== WHAT TO DO ==
Since only part of the material below is wanted, output exactly the lines from the one with "Did you know" up to and including the one with "Hey Ibrahim, can".

EXERCISE DATA Start Marker

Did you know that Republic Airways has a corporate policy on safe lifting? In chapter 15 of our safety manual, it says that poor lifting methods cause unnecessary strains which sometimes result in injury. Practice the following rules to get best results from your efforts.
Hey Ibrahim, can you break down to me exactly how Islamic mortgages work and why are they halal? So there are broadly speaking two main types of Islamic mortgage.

EXERCISE DATA End Marker
EXERCISE DATA Start Marker

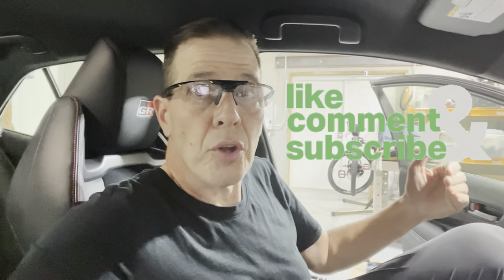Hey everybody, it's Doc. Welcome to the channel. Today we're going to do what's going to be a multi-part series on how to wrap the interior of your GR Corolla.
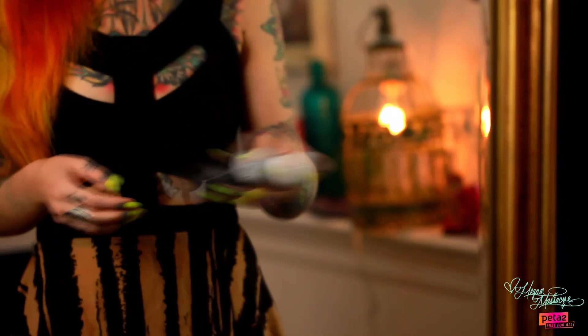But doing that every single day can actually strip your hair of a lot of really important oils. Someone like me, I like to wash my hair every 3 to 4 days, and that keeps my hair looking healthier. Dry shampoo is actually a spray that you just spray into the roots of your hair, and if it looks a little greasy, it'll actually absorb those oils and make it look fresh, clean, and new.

EXERCISE DATA End Marker

== ANSWER SPACE ==
Did you know that Republic Airways has a corporate policy on safe lifting? In chapter 15 of our safety manual, it says that poor lifting methods cause unnecessary strains which sometimes result in injury. Practice the following rules to get best results from your efforts.
Hey Ibrahim, can you break down to me exactly how Islamic mortgages work and why are they halal? So there are broadly speaking two main types of Islamic mortgage.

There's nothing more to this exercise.